Search for the PTM on NGC for the Classification model chosen

In [None]:
# List all pretrained models for the chosen network architecture
params = {"network_arch": model_name}
super_data = {
    "api_endpoint": "retrieve",
    "kind": "experiments",
    "request_body": params,
    "is_base_experiment": True,
    "ngc_key": ngc_key,
}
response = invoke_function(super_data)
assert response.status_code in (200, 201)

response_json = response.json()["experiments"]

for rsp in response_json:
    rsp_keys = rsp.keys()
    if "encryption_key" not in rsp.keys():
        assert "name" in rsp_keys and "version" in rsp_keys and "ngc_path" in rsp_keys
        print(f'PTM Name: {rsp["name"]}; PTM version: {rsp["version"]}; NGC PATH: {rsp["ngc_path"]}')

In [None]:
# Assigning pretrained models to different classification models
# From the output of previous cell make the appropriate changes to this map if you want to change the default PTM backbone.
# Changing the default backbone here requires changing default spec/config during train/eval etc like for example
# If you are changing the ptm to resnet34, then you have to modify the config key num_layers if it exists to 34 manually
pretrained_map = {"classification_tf2" : "pretrained_classification_tf2:efficientnet_b0",
                  "classification_pyt" : "pretrained_fan_classification_imagenet:fan_hybrid_tiny",
                  }
no_ptm_models = set([])

In [None]:
# Get pretrained model for classification
if model_name not in no_ptm_models:
    params = {"network_arch": model_name}
    super_data = {
        "api_endpoint": "retrieve",
        "kind": "experiments",
        "request_body": params,
        "is_base_experiment": True,
        "ngc_key": ngc_key,
    }
    response = invoke_function(super_data)
    assert response.status_code in (200, 201)
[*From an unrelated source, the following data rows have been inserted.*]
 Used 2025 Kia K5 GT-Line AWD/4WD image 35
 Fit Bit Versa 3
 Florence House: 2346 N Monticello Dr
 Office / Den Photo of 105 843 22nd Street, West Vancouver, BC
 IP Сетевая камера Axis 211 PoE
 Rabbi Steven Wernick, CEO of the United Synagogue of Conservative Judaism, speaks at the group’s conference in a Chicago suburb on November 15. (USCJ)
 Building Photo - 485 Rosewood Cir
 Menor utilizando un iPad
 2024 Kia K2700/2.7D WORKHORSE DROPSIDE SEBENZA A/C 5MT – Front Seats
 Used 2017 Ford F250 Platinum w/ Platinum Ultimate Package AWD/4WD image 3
    response_json = response.json()["experiments"]

    # Search for ptm with given ngc path
    ptm = []
    for rsp in response_json:
        assert "ngc_path" in rsp_keys
        if rsp["ngc_path"].endswith(pretrained_map[model_name]):
            assert "id" in rsp_keys
            ptm_id = rsp["id"]
            ptm = [ptm_id]
            print("Metadata for model with requested NGC Path")
            print(rsp)
            break

In [None]:
if model_name not in no_ptm_models:
    ptm_information = {"base_experiment":ptm}
    super_data = {
        "api_endpoint": "partial_update",
        "kind": "experiments",
        "handler_id": experiment_id,
        "request_body": json.dumps(ptm_information),
        "ngc_key": ngc_key,
    }
    
    response = invoke_function(super_data)

    assert response.status_code in (200, 201)
    print(response)
    print(json.dumps(response.json(), indent=4))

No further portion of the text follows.